[Opening PROVIDED ENTRIES section]

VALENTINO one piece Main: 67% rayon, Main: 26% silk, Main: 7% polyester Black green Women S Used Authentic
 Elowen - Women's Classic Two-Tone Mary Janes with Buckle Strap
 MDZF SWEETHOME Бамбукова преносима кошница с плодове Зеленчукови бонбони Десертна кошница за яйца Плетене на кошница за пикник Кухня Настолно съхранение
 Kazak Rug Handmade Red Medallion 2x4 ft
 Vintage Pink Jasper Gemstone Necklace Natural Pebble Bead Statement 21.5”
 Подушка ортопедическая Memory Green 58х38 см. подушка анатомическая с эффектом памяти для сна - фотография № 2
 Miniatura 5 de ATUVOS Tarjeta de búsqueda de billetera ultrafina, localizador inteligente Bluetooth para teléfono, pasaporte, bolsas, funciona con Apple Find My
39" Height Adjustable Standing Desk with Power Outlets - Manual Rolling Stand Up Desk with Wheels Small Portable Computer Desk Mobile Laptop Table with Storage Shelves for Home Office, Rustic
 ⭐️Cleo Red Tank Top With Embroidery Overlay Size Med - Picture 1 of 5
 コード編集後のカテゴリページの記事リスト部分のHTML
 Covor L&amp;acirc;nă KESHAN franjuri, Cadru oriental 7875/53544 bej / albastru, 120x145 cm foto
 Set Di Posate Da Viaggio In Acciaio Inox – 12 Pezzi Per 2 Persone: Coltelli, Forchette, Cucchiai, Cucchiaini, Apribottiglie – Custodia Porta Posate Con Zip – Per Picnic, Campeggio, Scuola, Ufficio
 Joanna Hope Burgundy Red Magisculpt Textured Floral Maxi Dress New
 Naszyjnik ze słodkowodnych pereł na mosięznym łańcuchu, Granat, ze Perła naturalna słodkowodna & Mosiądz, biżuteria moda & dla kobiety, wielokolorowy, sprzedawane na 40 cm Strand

[Closing PROVIDED ENTRIES section]

- PROBLEM -
Exactly the lines from the one containing "Kazak Rug Handmade Red Medallion 2x4 ft" through the final line above, and only those, should be given again.

- EXERCISE ANSWER -
 Kazak Rug Handmade Red Medallion 2x4 ft
 Vintage Pink Jasper Gemstone Necklace Natural Pebble Bead Statement 21.5”
 Подушка ортопедическая Memory Green 58х38 см. подушка анатомическая с эффектом памяти для сна - фотография № 2
 Miniatura 5 de ATUVOS Tarjeta de búsqueda de billetera ultrafina, localizador inteligente Bluetooth para teléfono, pasaporte, bolsas, funciona con Apple Find My
39" Height Adjustable Standing Desk with Power Outlets - Manual Rolling Stand Up Desk with Wheels Small Portable Computer Desk Mobile Laptop Table with Storage Shelves for Home Office, Rustic
 ⭐️Cleo Red Tank Top With Embroidery Overlay Size Med - Picture 1 of 5
 コード編集後のカテゴリページの記事リスト部分のHTML
 Covor L&amp;acirc;nă KESHAN franjuri, Cadru oriental 7875/53544 bej / albastru, 120x145 cm foto
 Set Di Posate Da Viaggio In Acciaio Inox – 12 Pezzi Per 2 Persone: Coltelli, Forchette, Cucchiai, Cucchiaini, Apribottiglie – Custodia Porta Posate Con Zip – Per Picnic, Campeggio, Scuola, Ufficio
 Joanna Hope Burgundy Red Magisculpt Textured Floral Maxi Dress New
 Naszyjnik ze słodkowodnych pereł na mosięznym łańcuchu, Granat, ze Perła naturalna słodkowodna & Mosiądz, biżuteria moda & dla kobiety, wielokolorowy, sprzedawane na 40 cm Strand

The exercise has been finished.